US 10,891,943 B2
Intelligent short text information retrieve based on deep learning
Jinren Zhang, Nanjing (CN); Ke Xu, Nanjing (CN); Zhen Fan, Nanjing (CN); and Bo Chen, Nanjing (CN)
Assigned to Citrix Systems, Inc., Fort Lauderdale, FL (US)
Filed by Citrix Systems, Inc., Fort Lauderdale, FL (US)
Filed on Jan. 18, 2018, as Appl. No. 15/874,119.
Prior Publication US 2019/0221204 A1, Jul. 18, 2019
Int. Cl. G10L 15/16 (2006.01); G06F 17/16 (2006.01); G06N 3/04 (2006.01); G06F 16/93 (2019.01); G06F 16/483 (2019.01); G06F 40/30 (2020.01)
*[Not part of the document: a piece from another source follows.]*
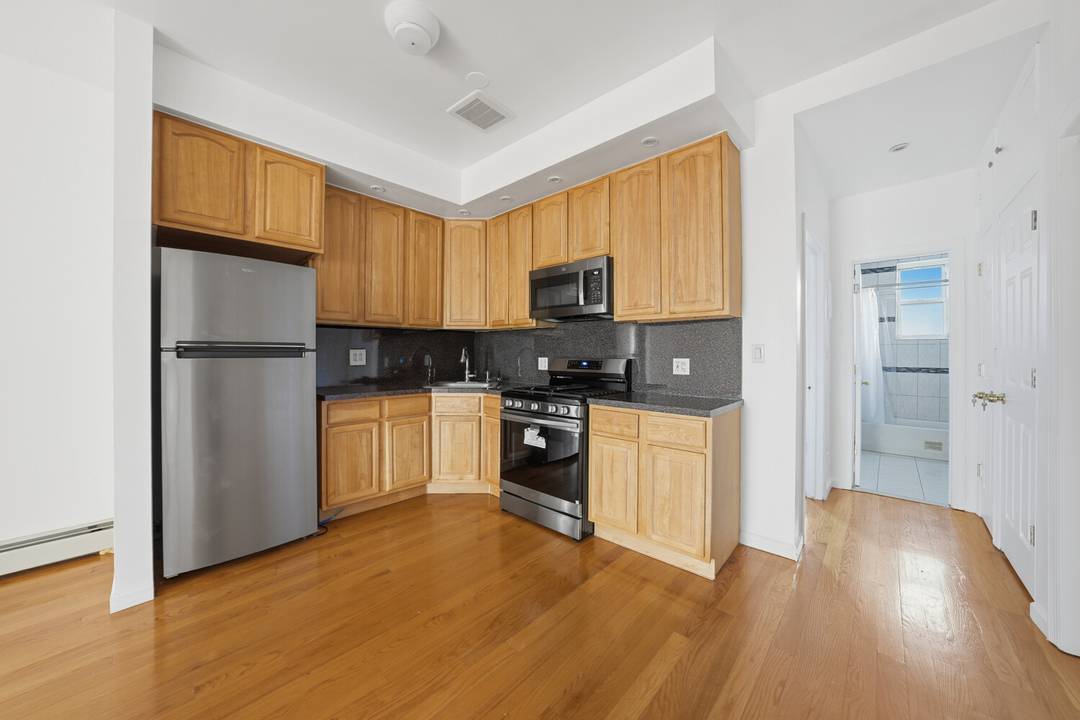 Move right into this lovely renovated two family townhouse featuring flexible living space, a finished basement and future expansion potential.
CPC G10L 15/16 (2013.01) [G06F 16/483 (2019.01); G06F 16/93 (2019.01); G06F 17/16 (2013.01); G06F 40/30 (2020.01); G06N 3/0454 (2013.01)] 20 Claims
OG exemplary drawing
 
1. A method to retrieve content based on text input, comprising:
receiving, by a data processing system, a request comprising a plurality of terms;
determining, by a vector generator executed by the data processing system, an average of a plurality of word vectors, the plurality of word vectors including a word vector retrieved for each term of the plurality of terms of the request, the plurality of word vectors generated by multiplying an encoded vector for a respective term of the plurality of terms by a matrix of weights provided by at least one intermediate layer of a neural network;
generating, by the vector generator using the average of the plurality of word vectors, a sentence vector to map the request to a first vector space;
retrieving, from a database by the vector generator, a plurality of trained sentence vectors corresponding to a plurality of candidate electronic documents, wherein each of the plurality of trained sentence vectors map a respective sentence of each of the plurality of candidate electronic documents to the first vector space;
determining, by a scoring engine executed by the data processing system, a distance in the first vector space between the sentence vector and each trained sentence vector of the plurality of trained sentence vectors;
generating, by the scoring engine, a similarity score for each of the plurality of trained sentence vectors based on the respective one of the plurality of trained sentence vectors and the sentence vector and the distance in the first vector space between the sentence vector and each trained sentence vector of the plurality of trained sentence vectors;
selecting, by the scoring engine, an electronic document from the plurality of candidate electronic documents based on a ranking of the similarity score of each of the plurality of trained sentence vectors; and
providing, by the data processing system, the electronic document.